June 10, 2019
For three decades, undergraduate adviser Mariko Navin has guided students toward achieving their career-oriented goals. And now, she’s heading off to pursue one of her own.
“I’m continuing the part of my work that I love the most – coaching, mentoring and creating opportunities for people to achieve what they want,” Navin said.
Taking an “early retirement” from the university will allow Navin to focus on growing her business, Questte, which has been a side hobby for several years, working with adults who are going through life transitions.
During her 30-year career in higher education, Navin has spent all but seven years at the University of Washington. In addition to Civil & Environmental Engineering, she also worked in the Department of Economics and Information School.
When she joined the CEE department 13 years ago, Navin was the only undergraduate adviser.
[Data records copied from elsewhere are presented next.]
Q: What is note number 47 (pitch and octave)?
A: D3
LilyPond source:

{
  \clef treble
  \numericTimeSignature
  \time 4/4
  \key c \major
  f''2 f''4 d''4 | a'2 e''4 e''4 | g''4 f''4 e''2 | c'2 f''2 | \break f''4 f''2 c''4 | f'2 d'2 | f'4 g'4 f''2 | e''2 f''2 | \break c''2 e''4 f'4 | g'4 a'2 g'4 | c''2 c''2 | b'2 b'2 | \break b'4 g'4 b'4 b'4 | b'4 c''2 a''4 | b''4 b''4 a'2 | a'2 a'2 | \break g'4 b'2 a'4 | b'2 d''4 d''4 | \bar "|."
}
As the department has grown, she has strived to enhance the student experience and “facilitate a culture of caring.” In addition to instigating a Welcome Day orientation event, she also grew the department’s graduation celebration from a simple affair to a large celebration in the HUB Ballroom, which is enjoyed by hundreds of students and their families.
“When I go the extra mile, it can make a difference in students’ lives,” Navin said. “I hope I have had a positive impact on those I’ve had the opportunity to serve and meet along the way.”
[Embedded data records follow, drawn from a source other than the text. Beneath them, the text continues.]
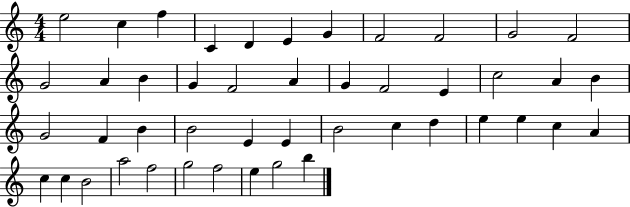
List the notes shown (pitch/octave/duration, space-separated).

E5/h C5/q F5/q C4/q D4/q E4/q G4/q F4/h F4/h G4/h F4/h G4/h A4/q B4/q G4/q F4/h A4/q G4/q F4/h E4/q C5/h A4/q B4/q G4/h F4/q B4/q B4/h E4/q E4/q B4/h C5/q D5/q E5/q E5/q C5/q A4/q C5/q C5/q B4/h A5/h F5/h G5/h F5/h E5/q G5/h B5/q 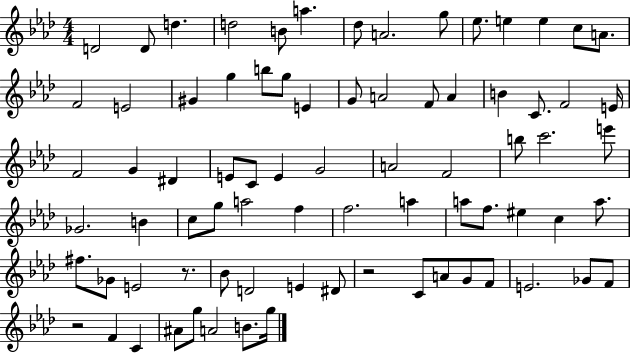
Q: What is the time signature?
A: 4/4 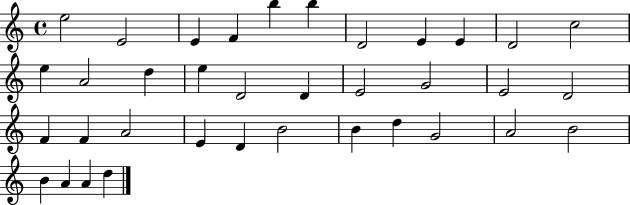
{
  \clef treble
  \time 4/4
  \defaultTimeSignature
  \key c \major
  e''2 e'2 | e'4 f'4 b''4 b''4 | d'2 e'4 e'4 | d'2 c''2 | \break e''4 a'2 d''4 | e''4 d'2 d'4 | e'2 g'2 | e'2 d'2 | \break f'4 f'4 a'2 | e'4 d'4 b'2 | b'4 d''4 g'2 | a'2 b'2 | \break b'4 a'4 a'4 d''4 | \bar "|."
} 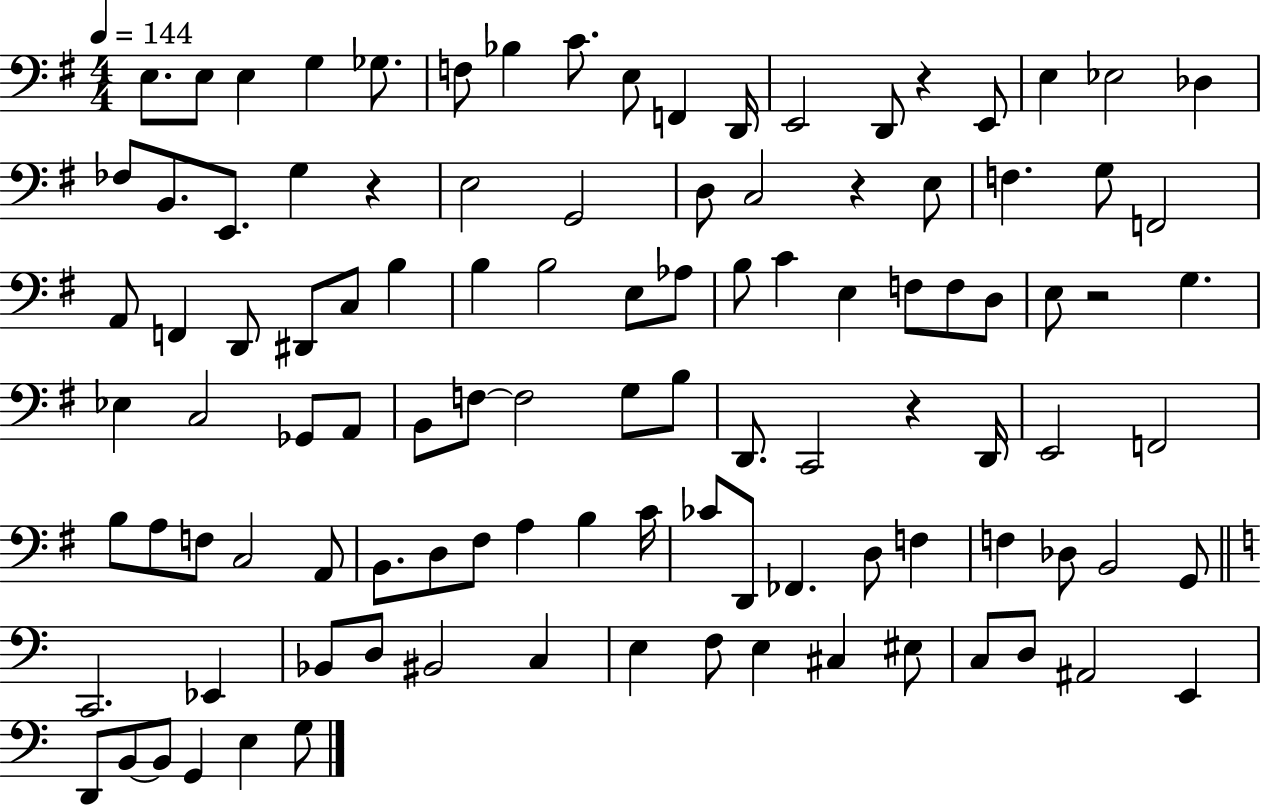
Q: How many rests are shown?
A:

Accommodating the expanding interests of students was also a priority for Navin, who was instrumental in helping to launch the new Bachelor of Science in Environmental Engineering (BSENVE) degree program in fall 2017. From reviewing course offerings to recruiting students, Navin was a strong advocate throughout the lengthy process.
Realizing the importance of connecting students with industry representatives, Navin also founded the CEE Career Fair. Now in its 13th year, the annual event attracts more than 70 companies and up to 400 students.
“I will miss the students; I appreciate their hard work and the process of discovery,” Navin said. “And I will miss the passions and dedications of the faculty, as well as colleagues who make everything happen.”
In recognition of her efforts, Navin was honored last year with a UW College of Engineering Professional Staff Award. And although she will miss helping undergraduate students navigate the path of career discernment, Navin looks forward to applying her skills to a slightly different audience. And knowing her, they’ll be well served.